A, sequence comparison of the A. stephensi (As) and A. gambiae (Ag) fibrinogen domain protein genes with horseshoe crab tachylectins 5A and 5B. Amino acid residues that are conserved between all the four proteins are shaded light, and residues that conserved within the mosquito proteins are shaded dark. Arrow, putative signal peptide cleavage site; Dotted line, fibrinogen-like domain; *, conserved cysteine residues. AgFBN24, A. gambiae fibrinogen domain protein 24; TL5A, tachylectin 5A; TL5B, tachylectin 5B. B, AsFBN1 is induced by Plasmodium in the mosquito midgut. Northern blot analysis shows that the gene is induced at 48 h after an infected but not after a non-infected, blood meal. The numbers refer to the time in hours after a blood meal at which the midguts were dissected. 0h, sugar-fed mosquitoes; UInf, uninfected blood meal; Inf, infected blood meal. C, Northern blots such as the one shown in B were quantified using phosphorimaging. The signals were normalized to a mosquito loading control (mitochondrial rRNA; Ref. 29) and are plotted relative to the value of sugar-fed controls. Gray and black bars represent expression profiles from two independent sets of RNA samples.

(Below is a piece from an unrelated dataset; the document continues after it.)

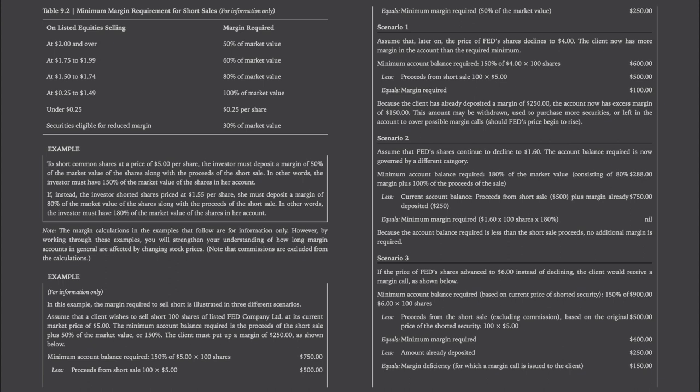Scenario three: if the price of FED shares advanced to $6 per share instead of declining, the client would receive a margin call. The minimum account balance required is now 150% of $600 = $900. Subtract the original short sale proceeds of $500 and the minimum margin required is now $400. But the client only deposited $250, so the margin deficiency — for which a margin call is issued — is $150.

Fig. 4. Temporal expression patterns of selected ESTs from the subtraction libraries

A, reverse transcription-PCR products of samples indicated above each lane were amplified for 25 cycles with primers for genes specified to the left of each panel, fractionated by gel electrophoresis, and transferred onto nylon membranes. Radioactive probes generated by PCR amplification of the corresponding cloned EST were hybridized to the membranes. Plasmodium ribosomal protein gene (PbRP; accession number BF295783) was used as a loading control, and the circumsporozoite protein gene (accession number M14135) was used as a positive control. Similar profiles were obtained in at least four experiments with at least two independently isolated RNA samples. M, clones from the mid-oocyst library; L, clones from the late-oocyst library; bl, RNA from blood stage parasites; 24 h N-in, RNA from guts dissected 24 h after a non-infected blood meal; 24 h Inf, RNA from guts dissected 24 h after an infected blood meal; D4, D9, and D15, RNA from guts dissected at the indicated number of days after an infected blood meal; Unknown, EST having homology to the Plasmodium genomic data base that does not have a predicted open reading frame; Hypothetical, EST having homology to the Plasmodium genomic data base that has a predicted open reading frame. B, linearity of signal response. Increasing amounts of template (relative amounts indicated at the top of each lane) were amplified for 25 cycles and analyzed as in panel A. Note that the strength of the signal is proportional to the amount of RNA template.

Fig. 5. Differential localization of P. berghei MAEBL in oocyst and salivary gland sporozoites

Anti-MAEBL and anti-CS antibodies were used to localize the corresponding proteins on sporozoites. The source of sporozoites was as follows: MG D15, midguts on day 15 after infection; MG D22, midguts on day 22 after infection; SG D25, salivary glands on day 25 after infection. The sporozoites were counterstained with 4,6-diamidino-2-phenylindole (DAPI) to show the location of the nucleus. The MG D15 pattern was consistently observed in three independent preparations. No reproducible differences of protein distribution between day 22 MG and day 25 SG sporozoites were observed.

Fig. 6. Regulation of AMA1 expression in sporozoites

A, anti-AMA1 and anti-CS antibodies were used to localize the corresponding proteins on sporozoites. The source of sporozoites was as follows: MG D15, midguts on day 15 after infection; MG D22, midguts on day 22 after infection; SG D25, salivary glands on day 25 after infection. Sporozoites with no AMA1 expression were stained with 4,6-diamidino-2-phenylindole, which labels the nucleus, to show the presence of the parasite. B, cross-sectional view of salivary gland sporozoites labeled with anti-AMA1 antibody. Immuno-electron microscopy shows the surface localization of AMA1 on salivary gland-invaded sporozoites. No staining was observed with midgut sporozoites (data not shown).